Content starts

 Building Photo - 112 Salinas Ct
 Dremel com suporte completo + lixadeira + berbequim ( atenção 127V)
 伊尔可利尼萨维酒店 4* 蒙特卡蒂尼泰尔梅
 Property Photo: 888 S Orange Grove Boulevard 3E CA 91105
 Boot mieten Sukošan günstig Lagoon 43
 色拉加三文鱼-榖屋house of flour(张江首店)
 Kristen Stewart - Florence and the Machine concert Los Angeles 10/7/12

Content ends

TASK STATEMENT: Could you give the records above again, exactly and in full?

RESPONSE AREA:
 Building Photo - 112 Salinas Ct
 Dremel com suporte completo + lixadeira + berbequim ( atenção 127V)
 伊尔可利尼萨维酒店 4* 蒙特卡蒂尼泰尔梅
 Property Photo: 888 S Orange Grove Boulevard 3E CA 91105
 Boot mieten Sukošan günstig Lagoon 43
 色拉加三文鱼-榖屋house of flour(张江首店)
 Kristen Stewart - Florence and the Machine concert Los Angeles 10/7/12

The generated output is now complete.